Olhando para 2022, além da falta de perspectiva de vencer a disputa pela Presidência – os tucanos que se apresentam como candidatos ao Planalto, como Doria e o ex-governador do Rio Grande do Sul Eduardo Leite, têm hoje entre 1% e 2% das intenções de voto –, o partido está pessimista quanto à possibilidade de até mesmo repetir o resultado da eleição de 2018 para a Câmara, quando conquistou 29 assentos num desempenho já aquém das expectativas na ocasião.

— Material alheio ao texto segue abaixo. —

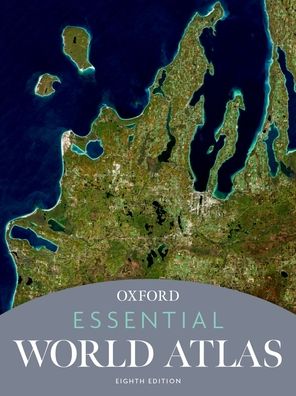 Essential World Atlas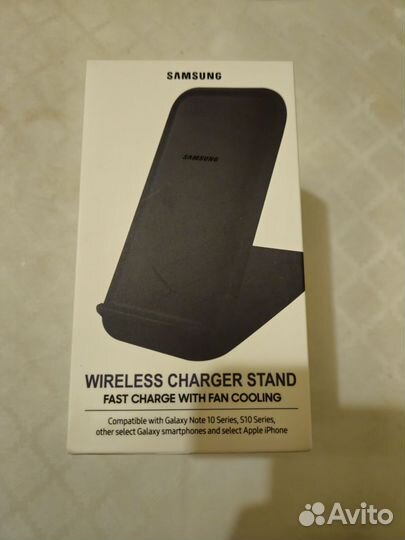 Беспроводная зарядка samsung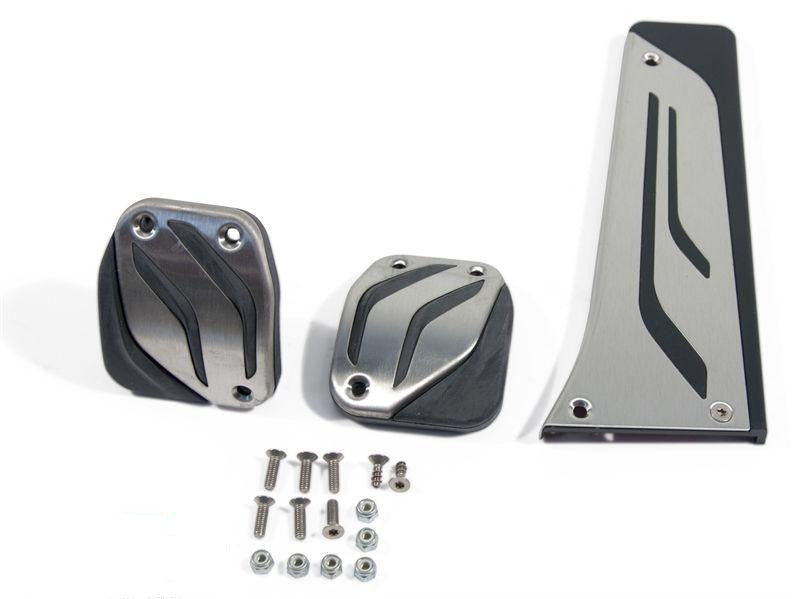 BMW M Performance Stainless Steel Pedal Set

Na janela partidária que se encerrou na sexta-feira, 1º, a agremiação saiu com menos dois deputados: caiu de 29 para 27. Um dos dois é o mineiro Domingos Sávio, que estava na legenda havia 34 anos e era vice-presidente na Executiva Nacional. Em relação às disputas estaduais, afora Garcia, a principal chance de vitória seria em Alagoas, mas Rodrigo Cunha, incentivado pelo presidente da Câmara, Arthur Lira, trocou o PSDB pela União Brasil na última semana. Com um cenário tão desfavorável, segundo os próprios tucanos, perder em São Paulo “não é uma opção”.